Interlayer Adhesion Analysis of 3D-Printed Continuous Carbon Fibre-Reinforced Composites

Carbon fibre-reinforced materials are becoming more and more popular in various fields of industries because of their lightweight and perfect mechanical properties. Additive manufacturing technologies can be used for the production of complex parts from various materials including composites. Fused deposition modelling (FDM) is an excellent technology for the production of composite structures reinforced with short or continuous carbon fibre. In this study, modified FDM technology was used for the production of composites reinforced with continuous carbon fibre. The main aim of this study is to evaluate the shear strength of 3D-printed composite structures. The influence of printing layer height and line width on shear strength was analysed. Results showed that layer height has a significant influence on shear strength, while the influence of printing line width on shear strength is slightly smaller.
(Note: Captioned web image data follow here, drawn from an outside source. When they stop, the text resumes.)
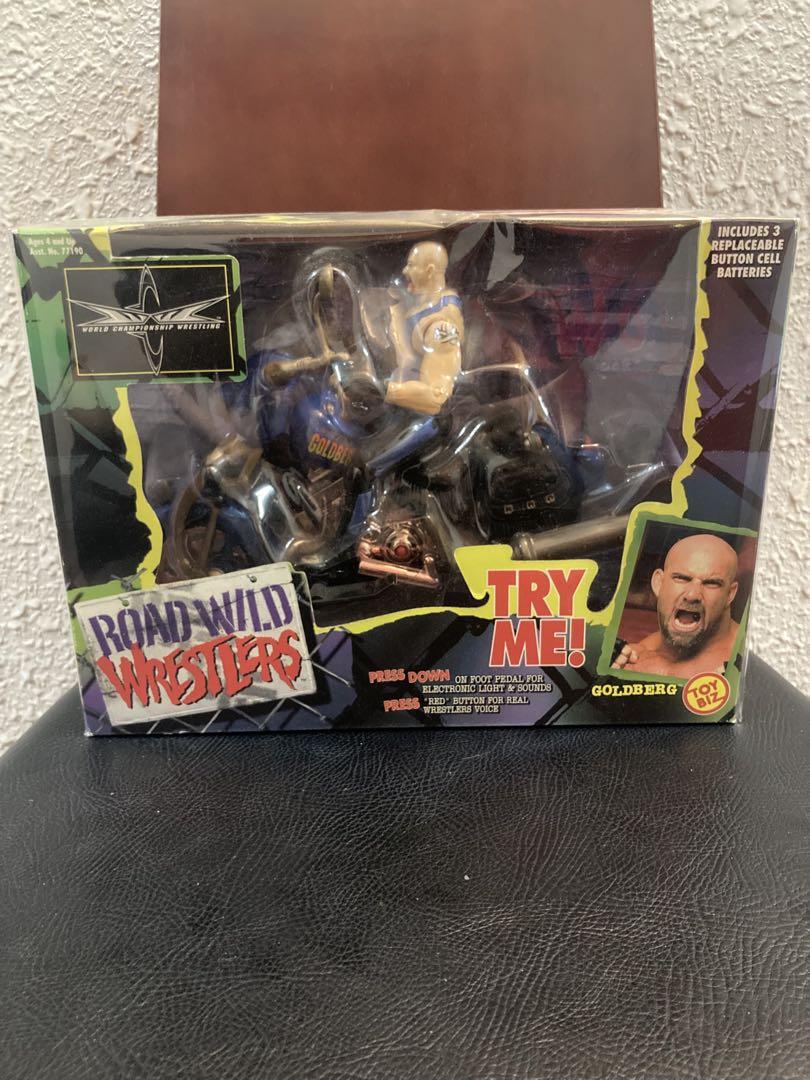 プロレス ゴールドバーグ ハーレー バイク フィギュア WCW WWF WWE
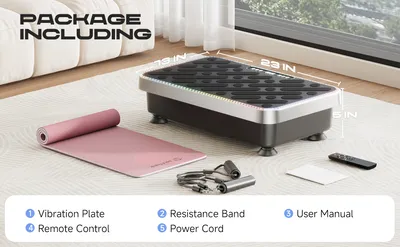 Vibrating Platform for Lymphatic Drainage Exercises, Muscle Activation and Full Body Workout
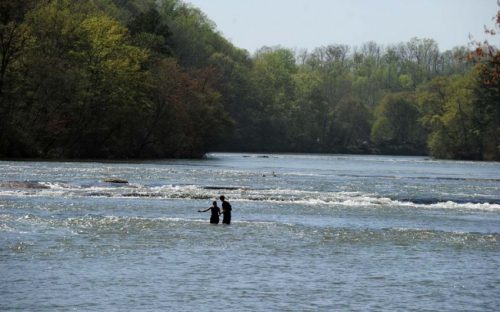 View from the Broad River Greenway in Cleveland County (April 2010).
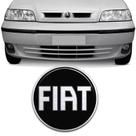 Emblema Dianteiro Palio Siena 2001/2003 Fiat Black Piano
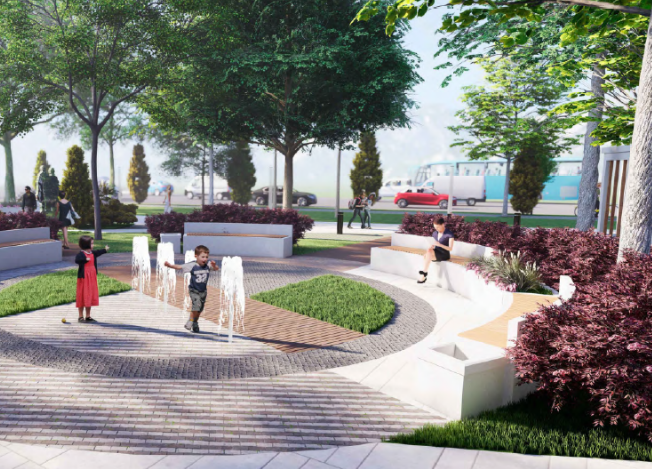 В Новороссийске объявлена цена благоустройства нового сквера в центре города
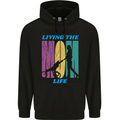 Living the Mum Life Mothers Day Mummy Mens 80% Cotton Hoodie Black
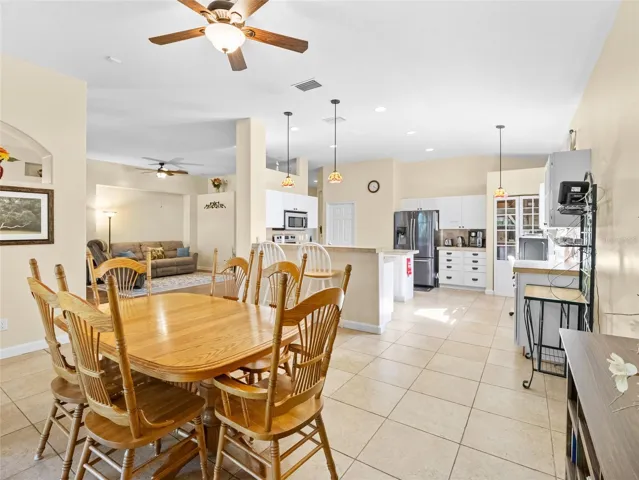 Dedicated dining room perfect for family meals and gatherings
Reduction of layer height from 0.4 mm to 0.3 mm allows increasing shear strength by about 40 percent. Moreover, the influence of the shear area and overlap length on shear force showed linear dependency, in which the shear area is increasing the shear force increasing proportionally. Finally, the results obtained can be used for the design and development of new 3D-printed composite structures.

Automated summary

This study utilized modified FDM technology for the production of continuous carbon fiber-reinforced composites, aiming to evaluate the shear strength of 3D-printed composite structures. Results demonstrated that reducing layer height significantly enhances shear strength, while the impact of printing line width on shear strength is relatively minor. Additionally, there is a linear correlation between shear area and overlap length with shear force.